Yet two in five (43%) companies in a survey for health care provider Koa Health said mental health is not a cultural priority despite an increase in employee demand for mental health support.
It found employees wre asking employers for more mental health support than ever, with over half (56%) of UK organisations having reported an increase in requests in the last 12 months.
Content shared online about people’s declining mental health increased by a shocking 400% from February 2020 to May 2020.
However, HR is not convinced mental health and wellbeing is firmly embedded into business culture yet.
Over half (51%) of companies with a £100 million turnover or higher, said mental health is not a cultural priority in their business.
Nicola Tope, HR director at photography provider iStock, said it is very important HR teams normalise discussing mental health.

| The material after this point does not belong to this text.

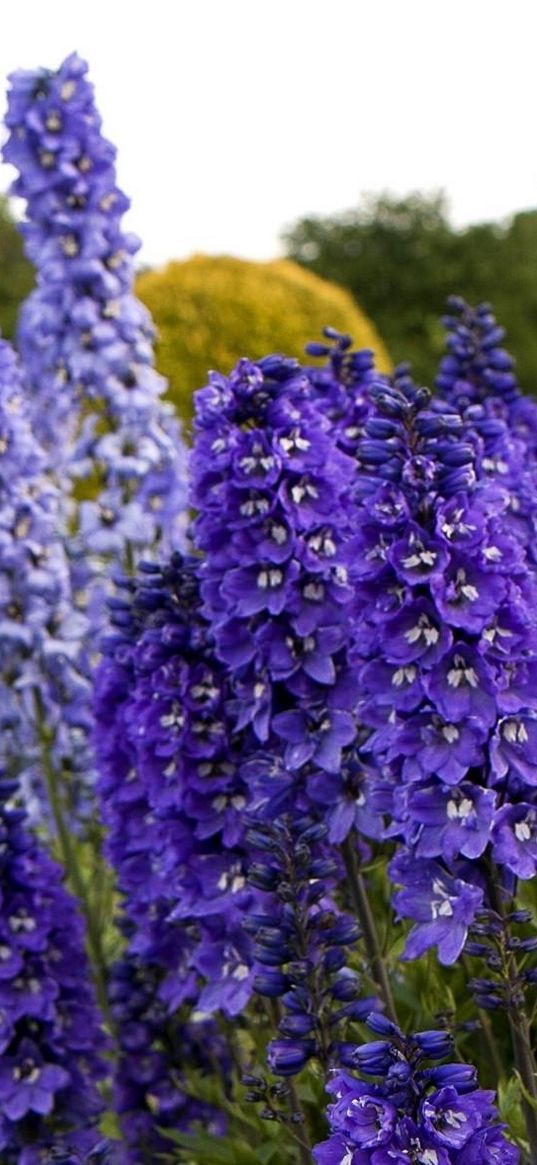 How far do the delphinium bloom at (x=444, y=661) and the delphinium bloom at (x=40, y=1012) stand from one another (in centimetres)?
136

She told HR magazine: “Our HR team have encouraged leaders to be open about their own care so that employees are more comfortable or at least less self-conscious when they need to ask for support for themselves.
“This is also bolstered by the robust mental health benefits we provide and a multi-layered approach to educating employees and managers about the importance of taking care, whether that’s through webinars, our communications channels or 1:1 coaching.”
Tope said open discussions around mental health and care implementation should be at the top of HR’s agenda as the pandemic continues.
“Initiatives such as meeting-free days and flexible working policies will give employees the support they need to continue to work and collaborate effectively,” she said.
The pandemic appears to have pushed the mental health agenda in the right direction though.
In response to added demand from employees 72% of UK companies increased the level of mental health support since COVID-19.
Over the next year, two thirds (66%) also plan to increase the level of mental health support they provide.
Oliver Harrison, CEO of Koa Health, believes the scale of mental health challenges faced by UK employees has positioned it as the second, silent pandemic of our time.
He told HR magazine: “For many HR managers supporting the mental wellbeing of a dispersed workforce throughout and the pandemic will have been the greatest challenge of their career.
“Without any notice, they had to scramble support, spending an average of 30% more of their time providing mental health support to team members.”
Looking ahead, Harrison said organisations’ response to the effects of the pandemic recovery will profoundly affect both team members’ mental health and company productivity.
“That’s why it’s critical that companies act now to move beyond the scramble of 2020 to create a clear recovery plan that embeds mental health as a cultural priority across the business,” he said.